━━ Data to use
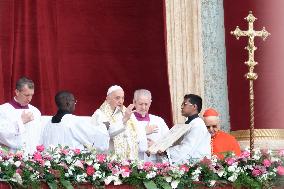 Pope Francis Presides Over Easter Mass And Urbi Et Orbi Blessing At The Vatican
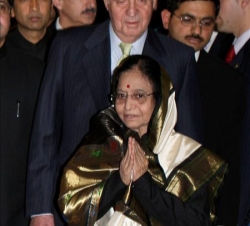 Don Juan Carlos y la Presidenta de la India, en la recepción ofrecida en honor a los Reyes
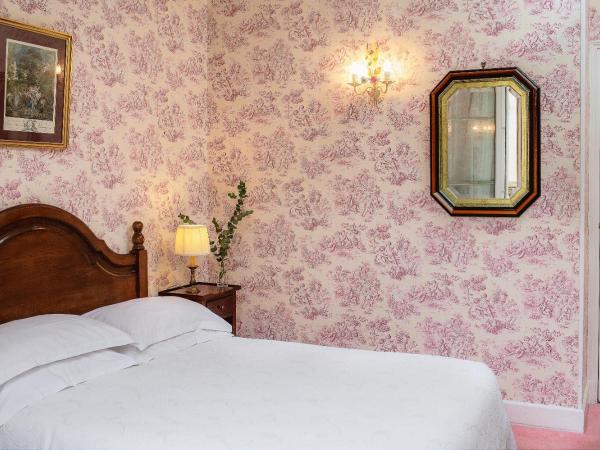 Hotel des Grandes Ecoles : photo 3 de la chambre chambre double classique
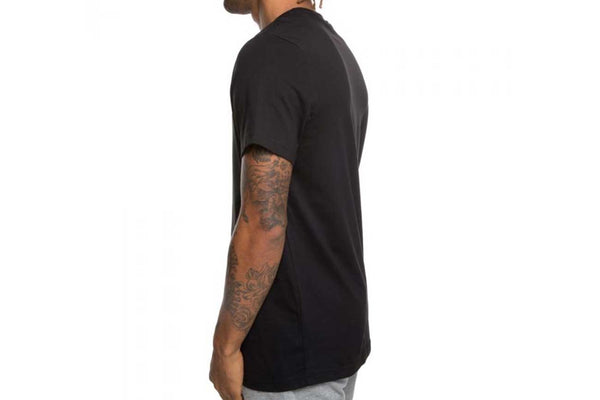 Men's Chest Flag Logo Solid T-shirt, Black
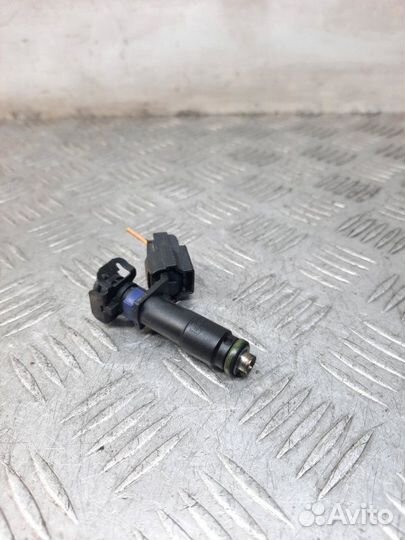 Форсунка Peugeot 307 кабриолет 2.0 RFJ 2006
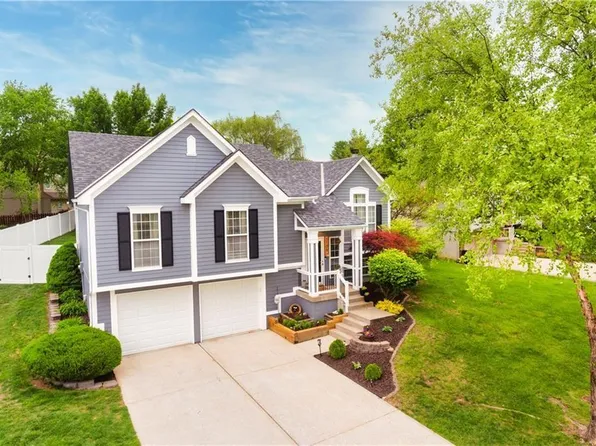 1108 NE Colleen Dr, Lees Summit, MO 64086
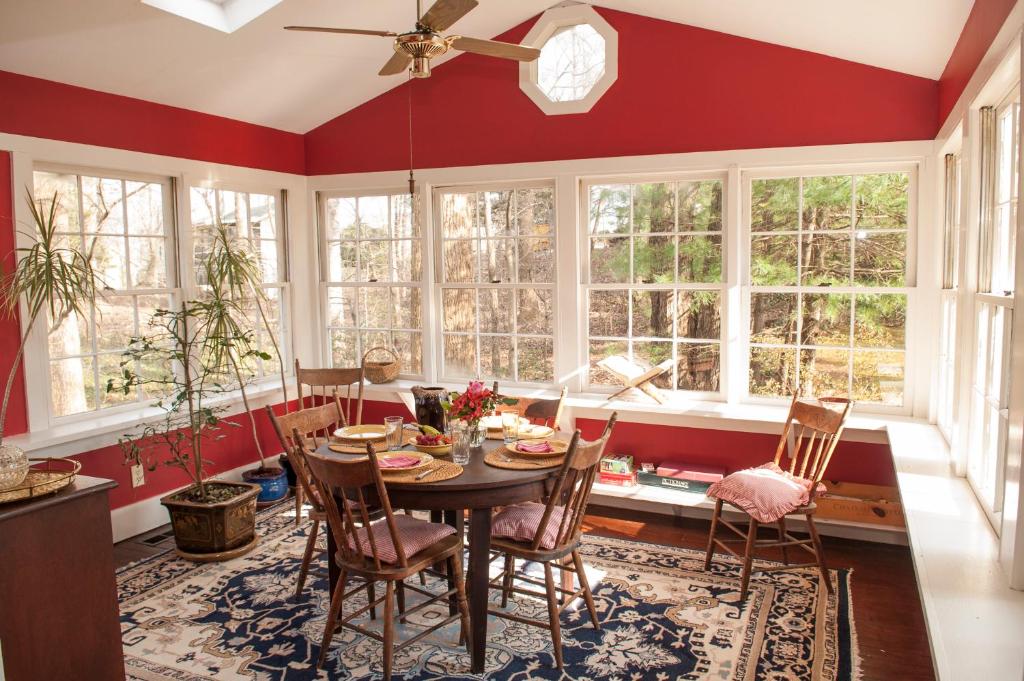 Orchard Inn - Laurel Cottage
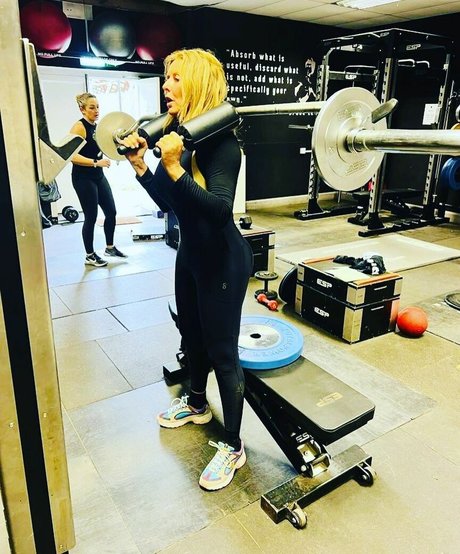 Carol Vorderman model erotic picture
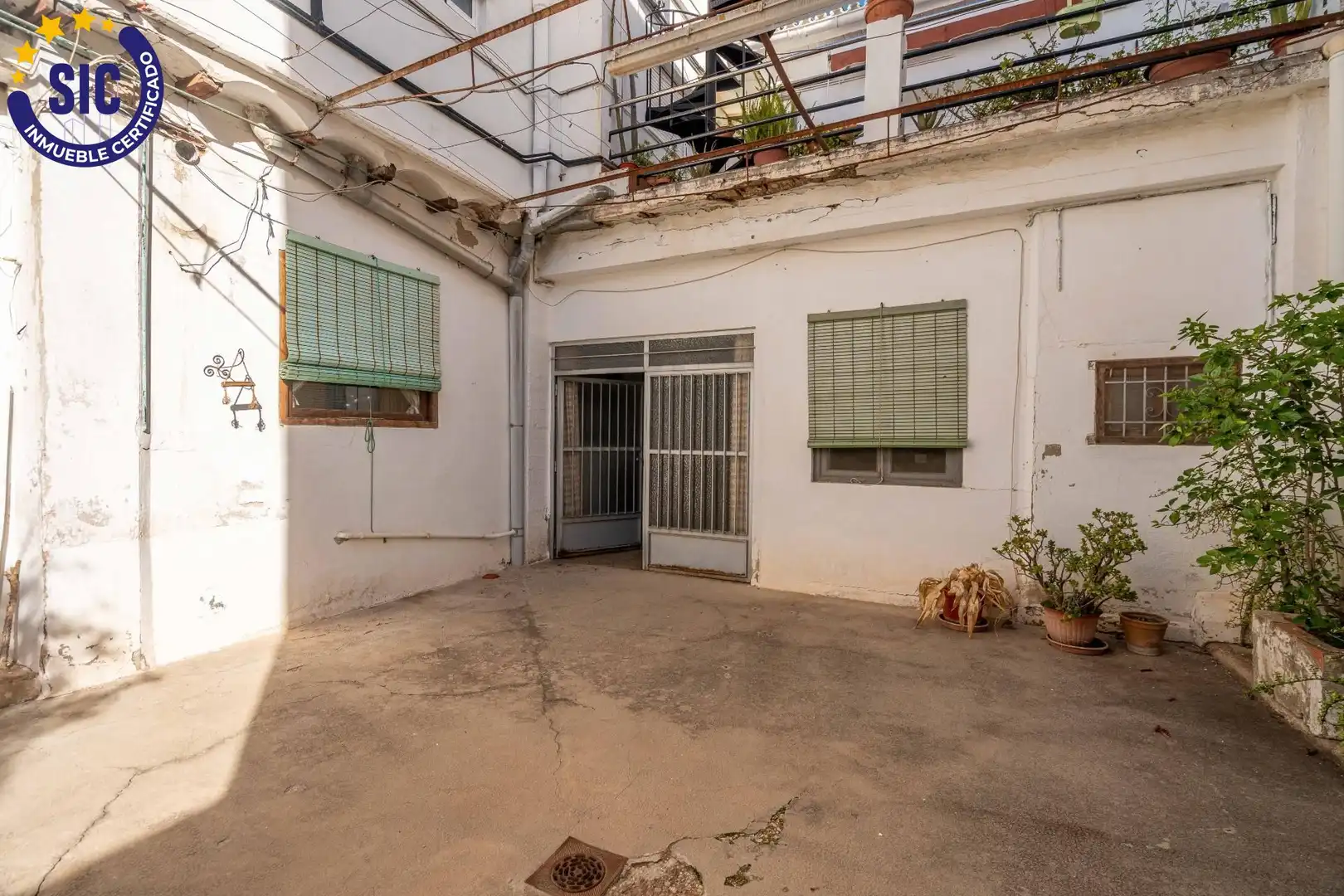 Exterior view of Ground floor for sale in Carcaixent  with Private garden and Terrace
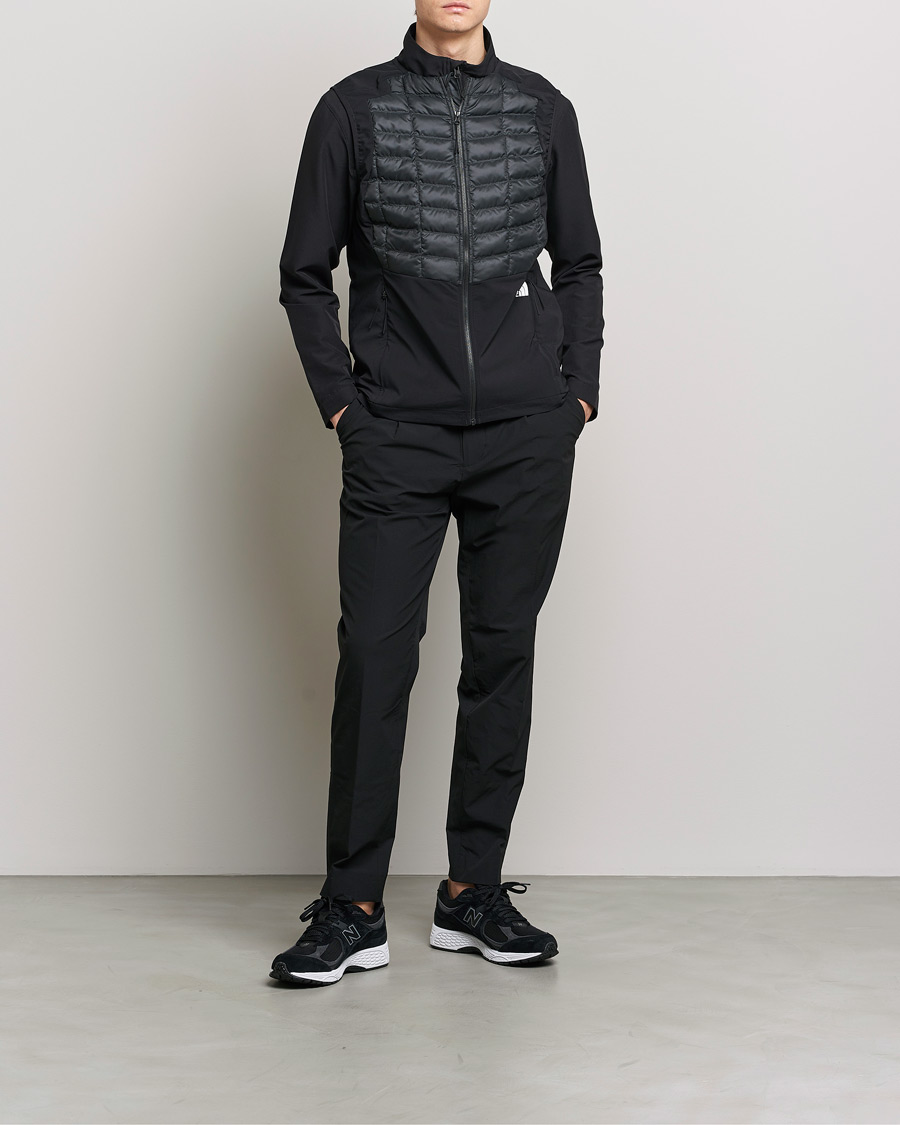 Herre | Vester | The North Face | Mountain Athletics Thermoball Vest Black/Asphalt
━━━━
━━ Data to use
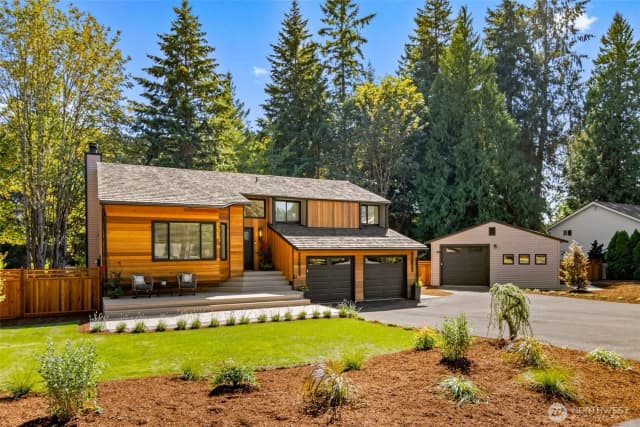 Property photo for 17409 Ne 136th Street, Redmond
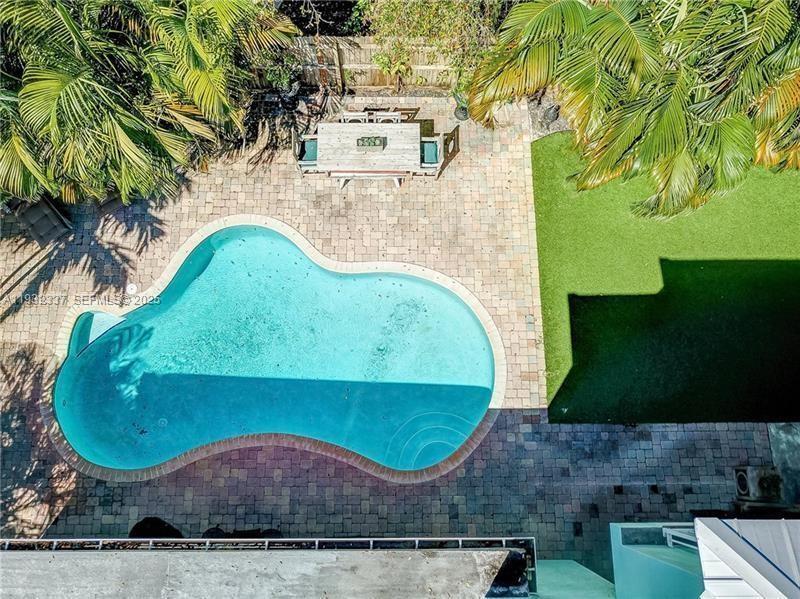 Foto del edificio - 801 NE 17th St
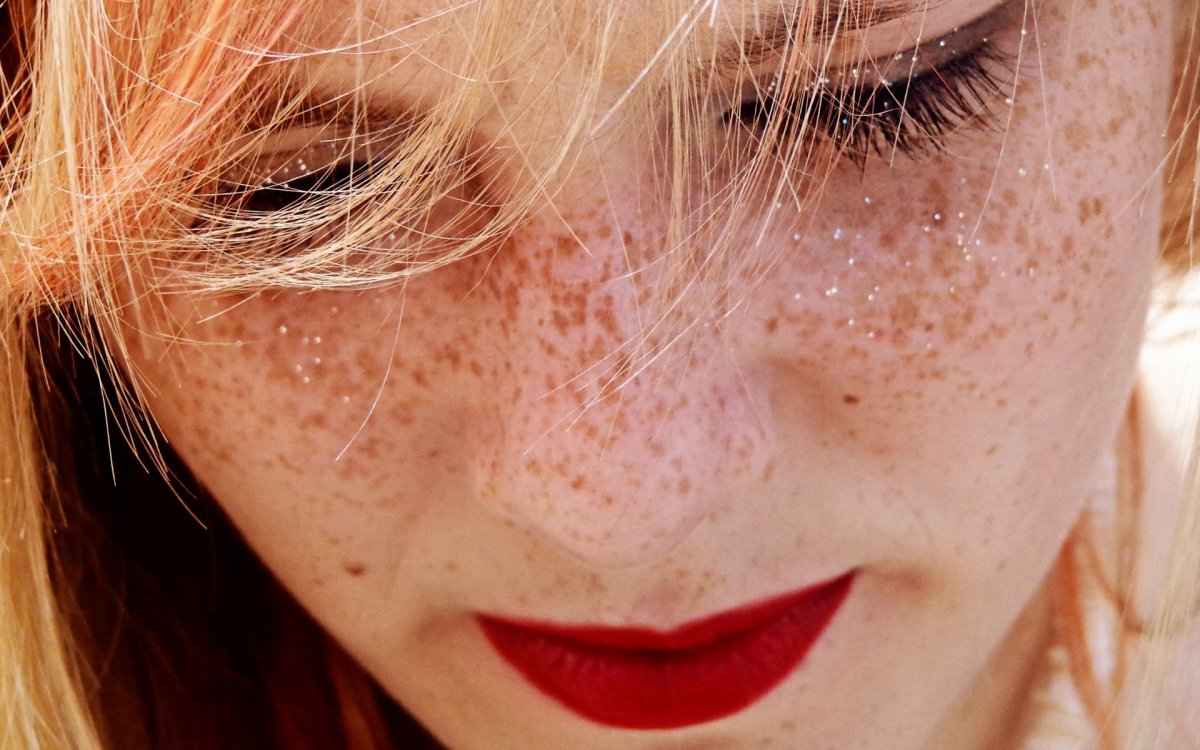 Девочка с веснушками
━━━━
━━ Data to use
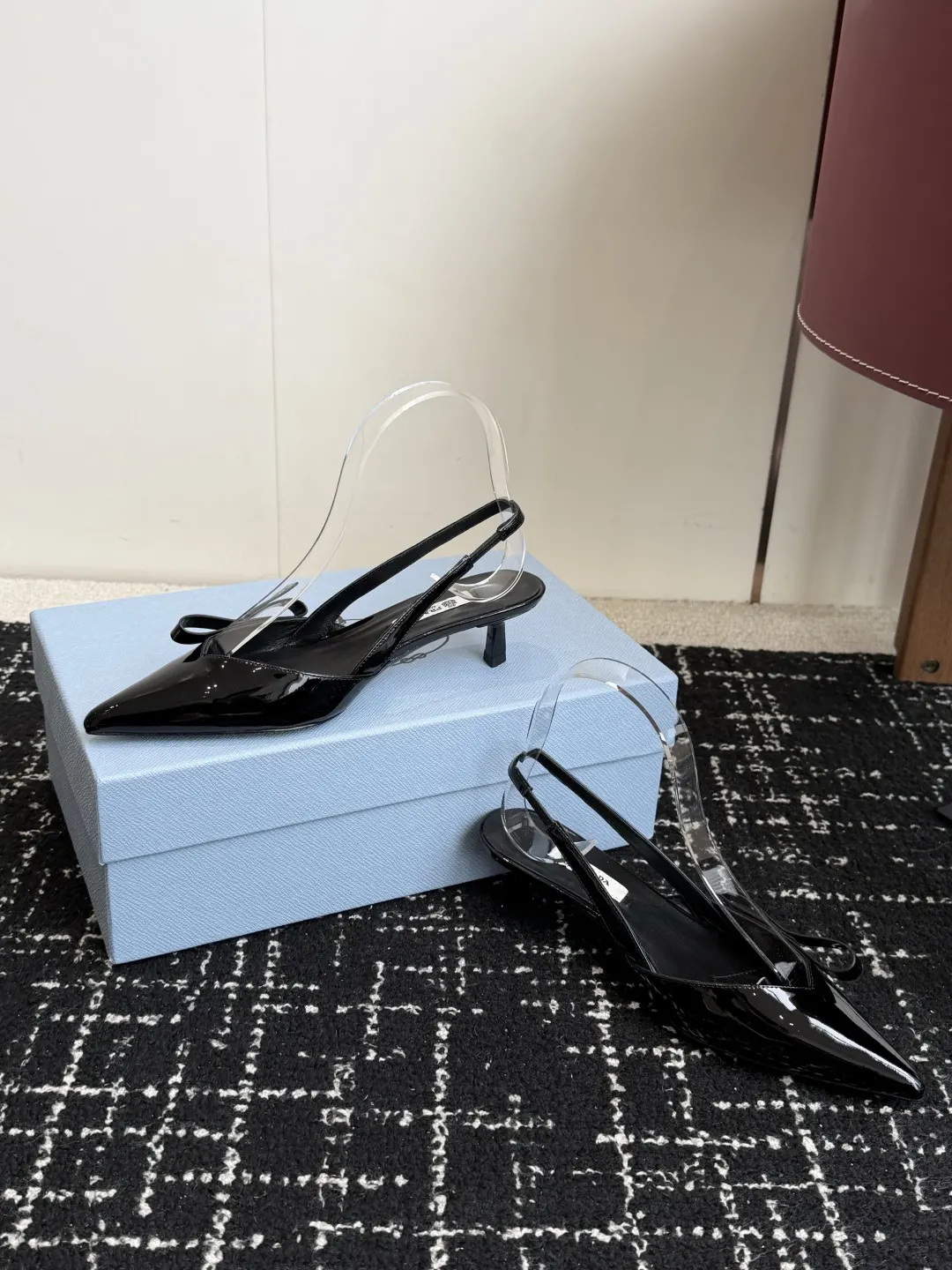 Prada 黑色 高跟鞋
━━━━
-- Exercise --
Leaving all pictures out, output exactly the lines of the material above from the line with "Pope Francis Presides" to the line with "Herre | Vester", both included.

-- Task response --
 Pope Francis Presides Over Easter Mass And Urbi Et Orbi Blessing At The Vatican
 Don Juan Carlos y la Presidenta de la India, en la recepción ofrecida en honor a los Reyes
 Hotel des Grandes Ecoles : photo 3 de la chambre chambre double classique
 Men's Chest Flag Logo Solid T-shirt, Black
 Форсунка Peugeot 307 кабриолет 2.0 RFJ 2006
 1108 NE Colleen Dr, Lees Summit, MO 64086
 Orchard Inn - Laurel Cottage
 Carol Vorderman model erotic picture
 Exterior view of Ground floor for sale in Carcaixent  with Private garden and Terrace
 Herre | Vester | The North Face | Mountain Athletics Thermoball Vest Black/Asphalt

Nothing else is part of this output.